The mortgage crisis was a bubble, fueled by the absurd boosterism of people like Allan Greenspan, who should have known better, and by speculators who derived huge profits from exploiting unsustainable market conditions, the true nature of which had been obscured by the securitization of all that problem debt and the criminal negligence of co-conspirator bond rating agencies that seem to have granted AAA status to said securities by tossing chicken bones up in the air and seeing how they arranged themselves when they fell. There's nothing in the CRA that demanded the Fed Chairman extol the virtues of variable rate, reverse amortization, pick and pay, balooon rate mortgages. There's nothing in the CRA that demanded investment firms turn those mortgages into investment vehicles. There's nothing in the CRA that demanded mortgage lending agencies offer loans to un-creditworthy buyers that featured low teaser rates, which in some cases actually added to the principal, and which inevitably adjusted to unsustainable levels some five years down the line.

What the CRA does, however, is offer a convenient scapegoat to Republican politicians who have never given up on the "Southern" strategy of race-baiting and the stoking of white resentment that has served them so well in the past. Blame the negroes and the bleeding heart Yankees who love them. Hey, it's worked so far.

5 comments:

Anonymous said...

Joe Scarborough didpleases me too. He is a bait and switch master. He'll prauise Pres. Obama on one side of his mouth (dishonestly, to show his faux independence from the birthers, Tea Party fanatics and right wing Republican base in Congress)and them slams him as this elitist, non-businessman, right wing Marxist minutes later!
He touts the Republican line and promotes Conservatism to a sickening level of partisanship politics.

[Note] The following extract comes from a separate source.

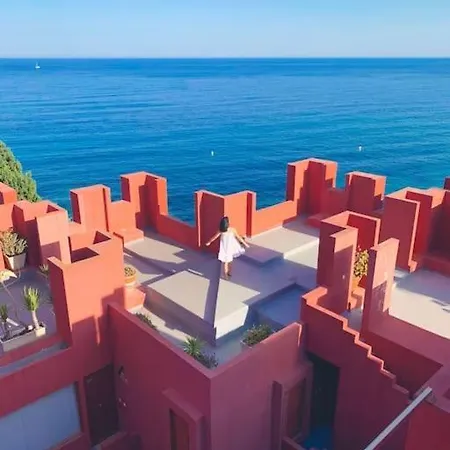 Muralla Roja/king Suite/sea/3 Wow Balcony/sky Pool * Calpe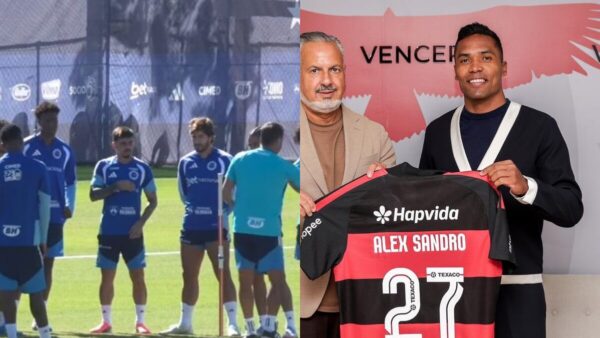 Que horas começa Cruzeiro x Flamengo?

Then, suddenly, he slams the Dems and GOP for being too partisan! Oh, boy. My favorite is when he slams Pres. Obama for being thin skinned to criticism and the moment Mika, Mike or another invited guest disagrees with his blather, he screams and cuts them off, unwilling to heed to any reasonable position that legitimately challenges his views. He uses phrases that begin with "When I was in Congress...when the peeople voted for me....when I challenged the Republicans...when I received over 67% of the vote from FL"...etc. Yet, he rails against Obama when he uses the "I" word. How hypocryphal of Mr. Scarborough.
He's an ass.

Anonymous said...

Ugh. I absolutely despise Morning Joe. Blah blah blah blah blah blah blah ad nauseum. My roommate listens to that garbage, mostly as background noise while he does other things and it drives me absolutely bonkers. I've never heard people so enchanted by the sound of their own annoying voices. I want to seriously paintball his monitor sometimes.

Patriot's Quill said...

Since I wrote this post 3 years ago I've fond the perfect soution to my problem: I now go to work at 5:20 AM... taaaa daaaa! No Morning Joe! LOL!

Anonymous said...

Sometimes I just want to scream "it's not ALL ABOUT YOU, JOE. HIs incessant use of "I", "ME" "MY" is further evidence of his arrogance. He is disrespectful, annoying and obnoxious.

Anonymous said...

i can't stand that guy, or his friend Willy. Mika's eye-rolling and snide, offended demeanor when she doesn't like a guest not paying homage to The Theme of the day is obtuse. Did anyone catch her covering the british wedding? Low-lifey! Are we jealous Mikka, of classier, more informed women with lesser incomes who can speak their own minds without glancing at a man?